อินเตอร์คอนติเนนตัล Paris - Champs-Elysées Etoile
Get a good breakfast at the hotel's restaurant, Monsieur Marceau, before you walk to the entrance of the Tuileries Garden at Place de la Concorde. Admire all of the columns, sculptures, fountains, and gildings, as well as the obelisk of this emblematic square. A walk in the Tuileries Garden will lead you to the wonders of the Louvre. Then lose yourself in the ten kilometers of galleries of this timeless museum.
Lunch under the glass roof of the Kong, a trendy restaurant serving a creative cuisine. Visit Napoleon's tomb under the dome of the invalids, a majestic structure that will take your breath away. Then stroll along the Champ de Mars and the Eiffel Tower to the Trocadéro: From there, you will enjoy a breathtaking view of the Iron Lady.
Take a cocktail at the bar of the hotel before having dinner at the Atelier des compères, a charming traditional bistro next door. To close your evening with stars in your eyes, proceed to the Lido, mythical cabaret on the Champs Elysées.

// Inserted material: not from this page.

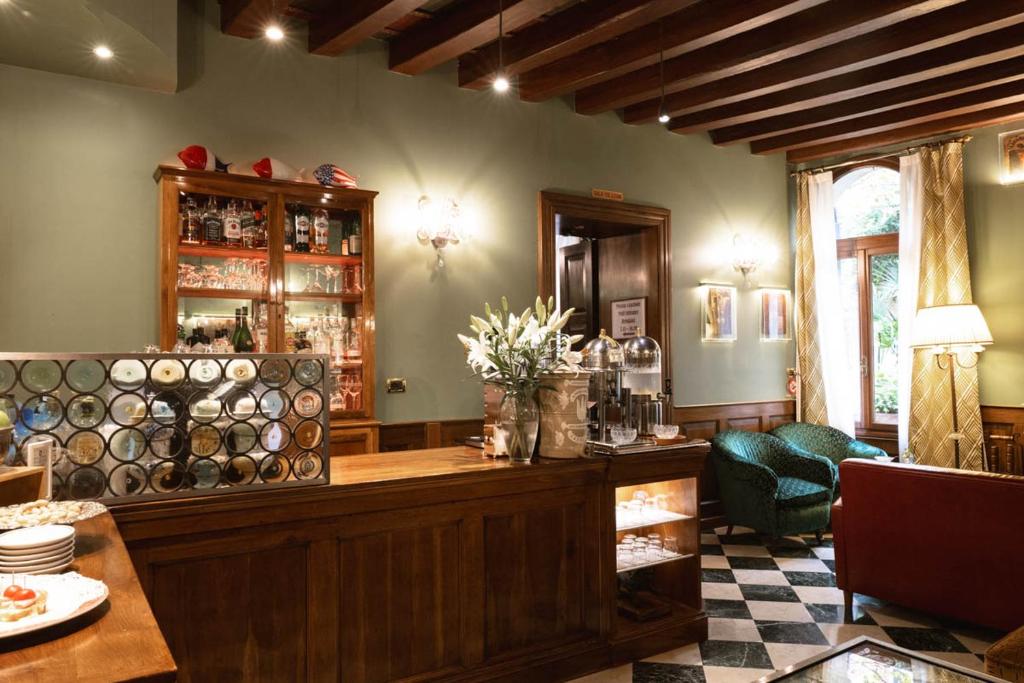 Pensione Accademia - Villa Maravege - Resim 13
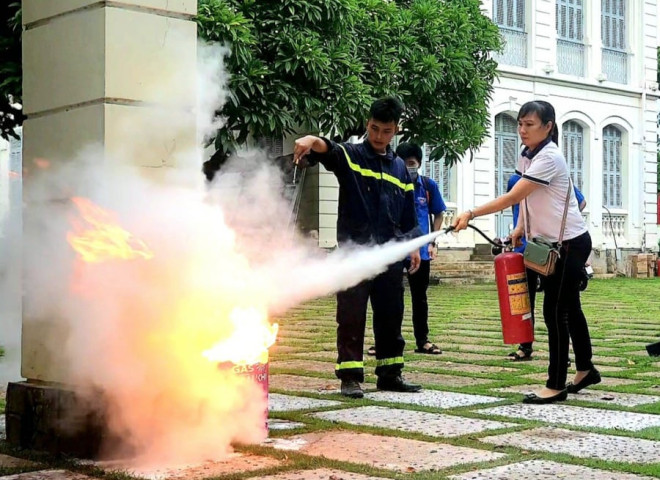 Hà Nội tổ chức các hoạt động hưởng ứng "Ngày toàn dân phòng cháy và chữa cháy"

In 1879, the Count of Breteuil built this lovely mansion with Haussmann facade, whose monumental carriage door still highlights its discreet quality. At that time, the Champs Elysées was the place to be seen. The very wealthy built mansions there with a view over both the Arc de Triomphe and the Hôtels des Maréchaux. Lord de Breteuil, substituting medieval tastes for the tastes of the day, used the oldest building in the courtyard as a stable for six horses, beneath a neo-Renaissance style turret. In 1846 Charlotte Fould, daughter of the finance minister to Napoléon III (1826-1917), married Alexandre Charles Joseph de Breteuil, son of Charles de Breteuil, Count of Breteuil. King Louis-Philippe granted them the honour of personally ratifying their marriage contract. The whole of the aristocracy was invited. On 1st March 1937, G. Roché, Chairman of the Board of the Union of Chemical Industries, sought authorisation from the Prefect of the Seine to convert the building and add two storeys at the back.Chemistry House then occupied the building. In 1994, the building became a forum for exchange and contact between Israel and the French community. It took on the new name Maison France-Israël, managed and financed by patrons, and housed the Franco-Israeli Chamber of Commerce and Serge Klarsfeld's services.